[Given material Boundary: Start]

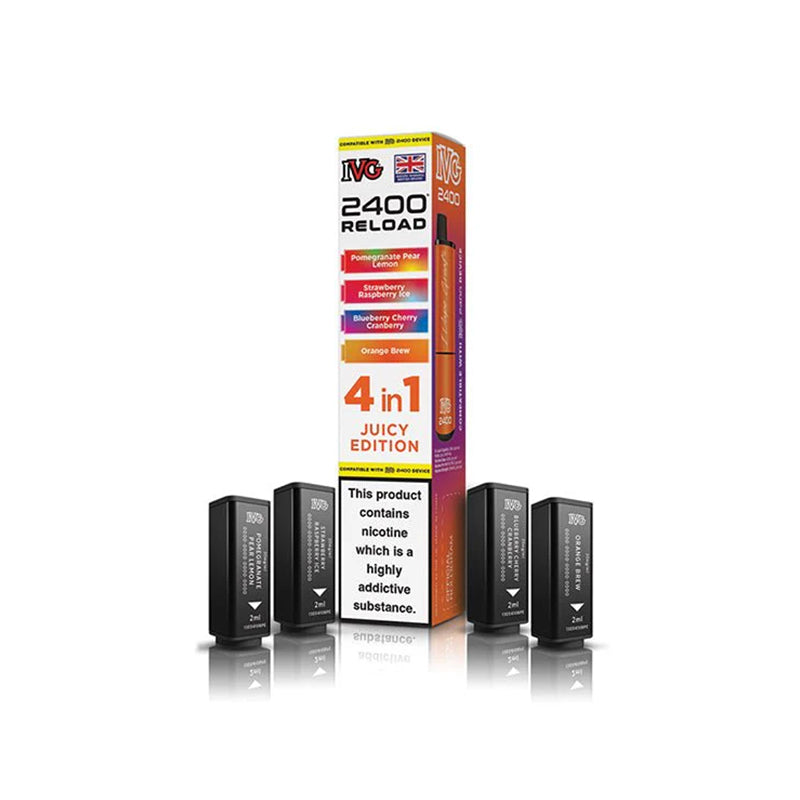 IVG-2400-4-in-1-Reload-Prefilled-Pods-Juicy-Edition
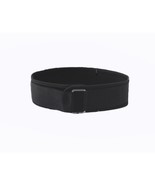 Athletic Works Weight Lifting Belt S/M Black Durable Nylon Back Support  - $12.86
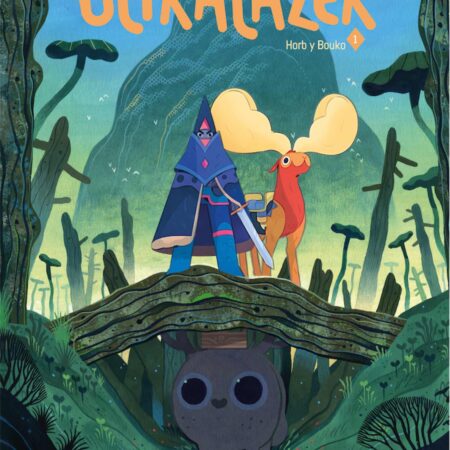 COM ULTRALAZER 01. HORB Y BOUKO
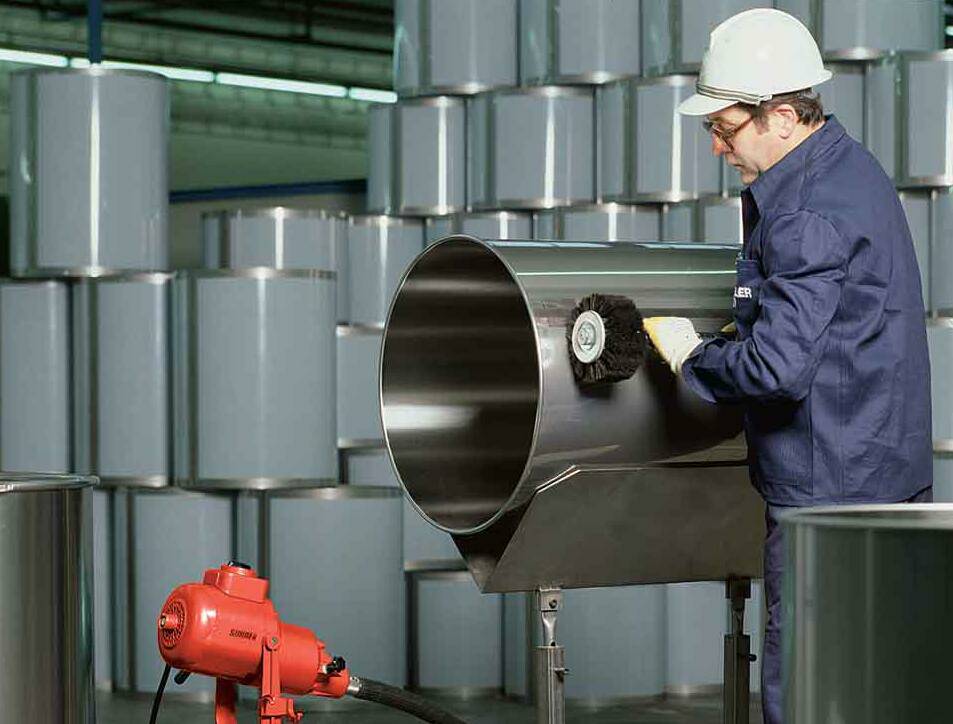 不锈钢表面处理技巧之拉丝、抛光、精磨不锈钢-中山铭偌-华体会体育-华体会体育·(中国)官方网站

[Given material Boundary: End]

Set the data above down again exactly as given, with no pictures.

 IVG-2400-4-in-1-Reload-Prefilled-Pods-Juicy-Edition
 Athletic Works Weight Lifting Belt S/M Black Durable Nylon Back Support  - $12.86
 COM ULTRALAZER 01. HORB Y BOUKO
 不锈钢表面处理技巧之拉丝、抛光、精磨不锈钢-中山铭偌-华体会体育-华体会体育·(中国)官方网站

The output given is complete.